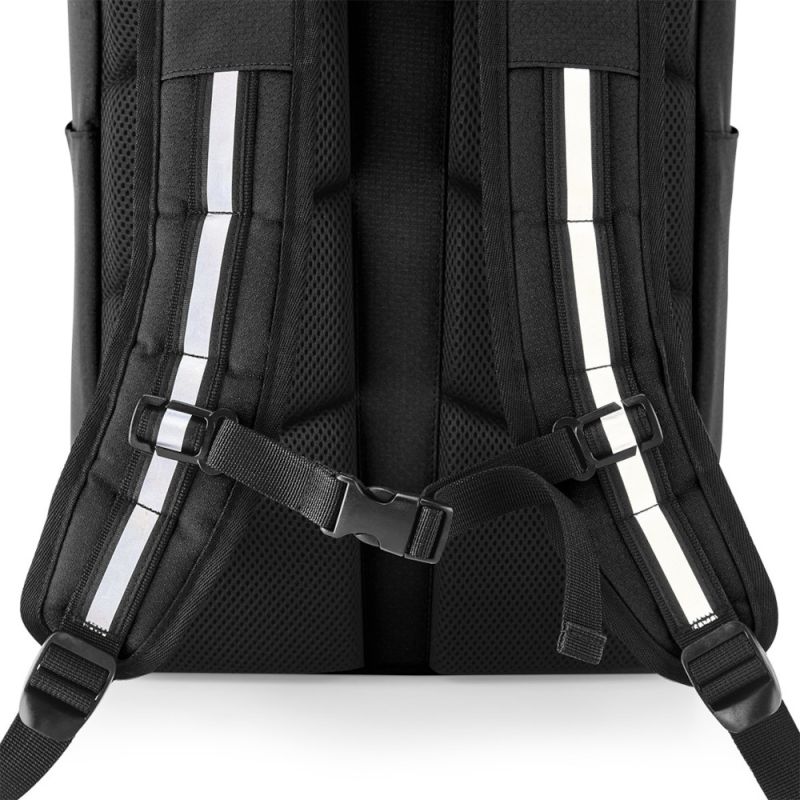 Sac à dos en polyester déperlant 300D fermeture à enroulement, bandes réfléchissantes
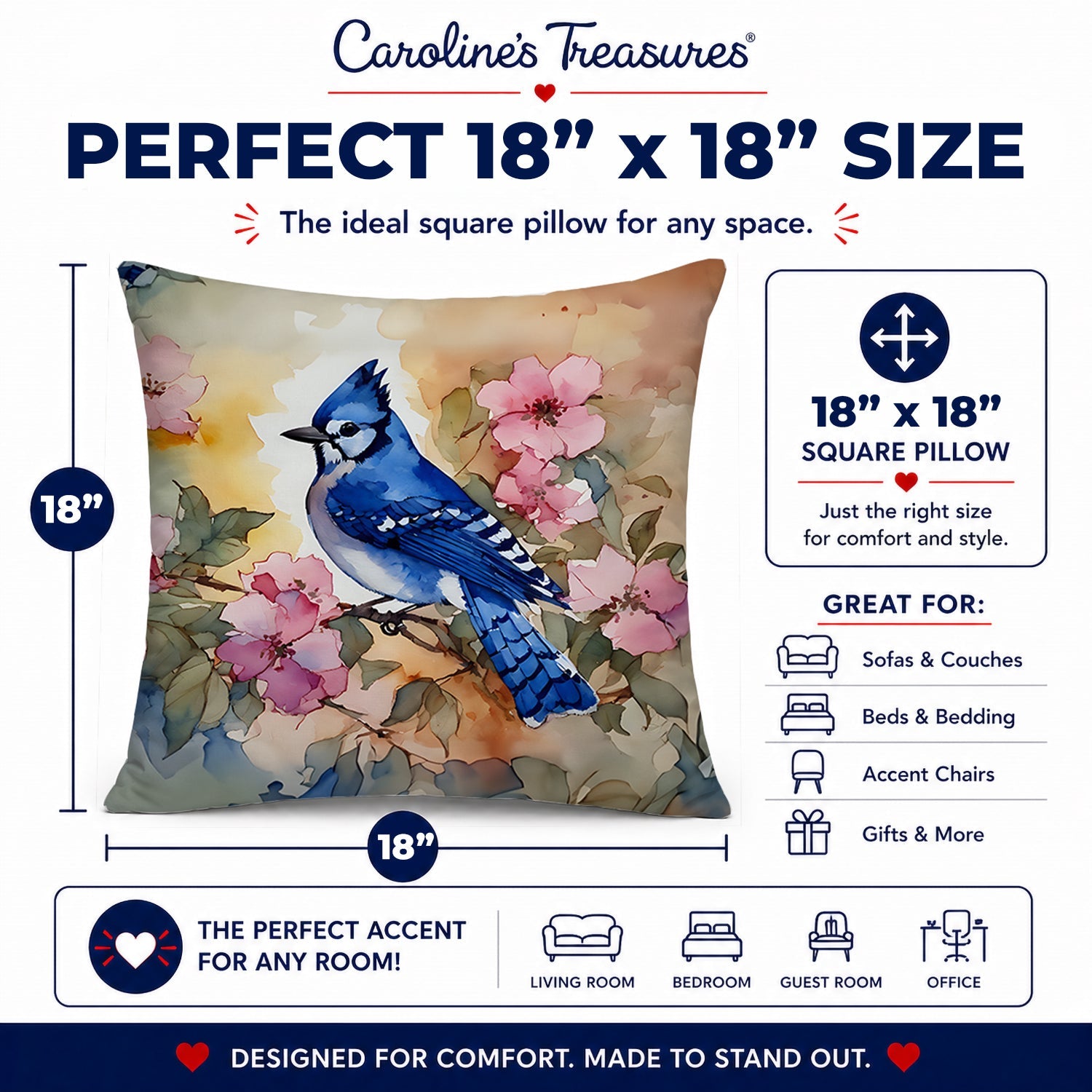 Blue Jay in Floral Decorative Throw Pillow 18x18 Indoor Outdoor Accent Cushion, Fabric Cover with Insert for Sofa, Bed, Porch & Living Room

---

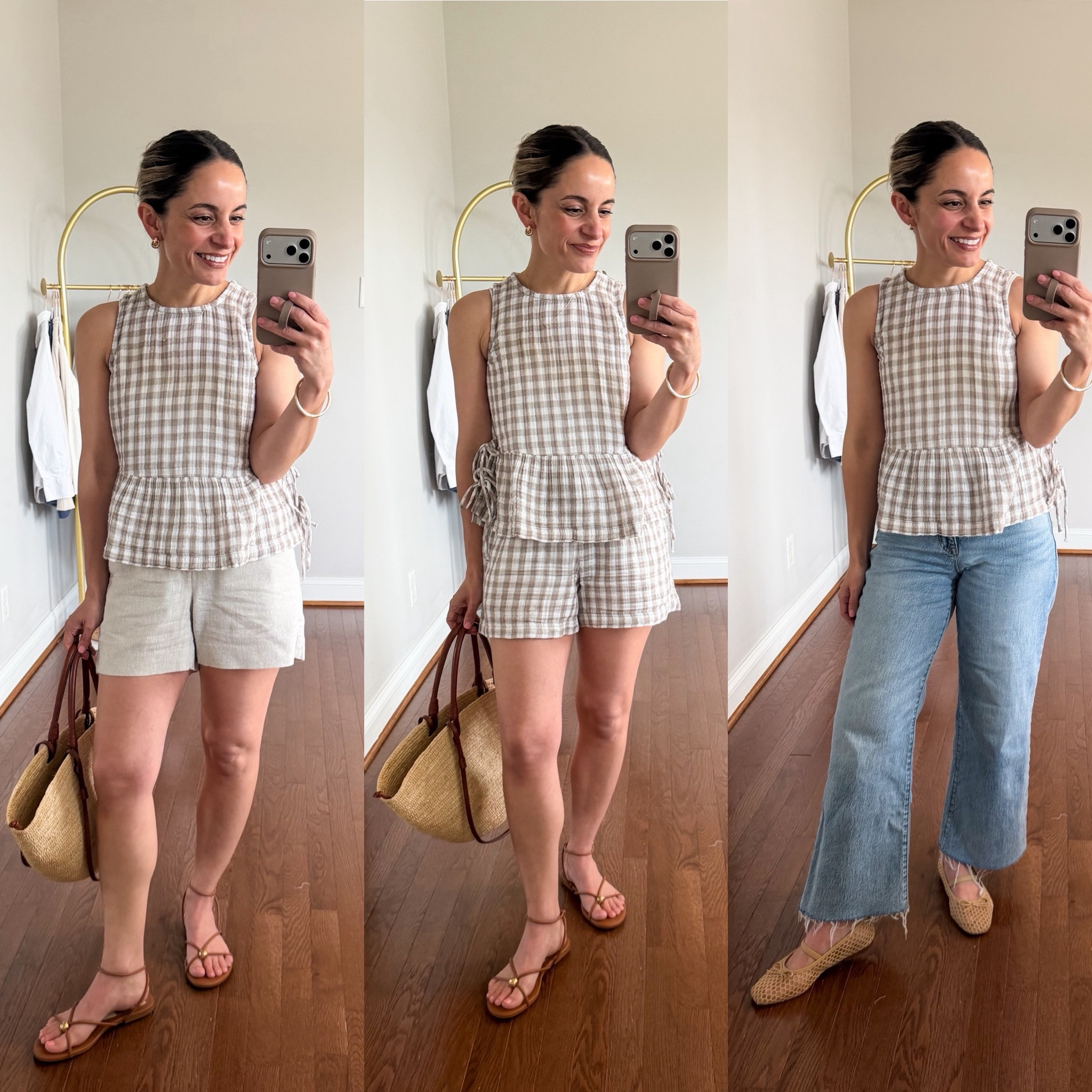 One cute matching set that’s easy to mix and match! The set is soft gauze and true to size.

- **Task item**
Precisely those lines above that run from the line with "Sac à dos en" up to and including the line with "Blue Jay in" are to be set down, with the pictures omitted.

- **Worked solution**
 Sac à dos en polyester déperlant 300D fermeture à enroulement, bandes réfléchissantes
 Blue Jay in Floral Decorative Throw Pillow 18x18 Indoor Outdoor Accent Cushion, Fabric Cover with Insert for Sofa, Bed, Porch & Living Room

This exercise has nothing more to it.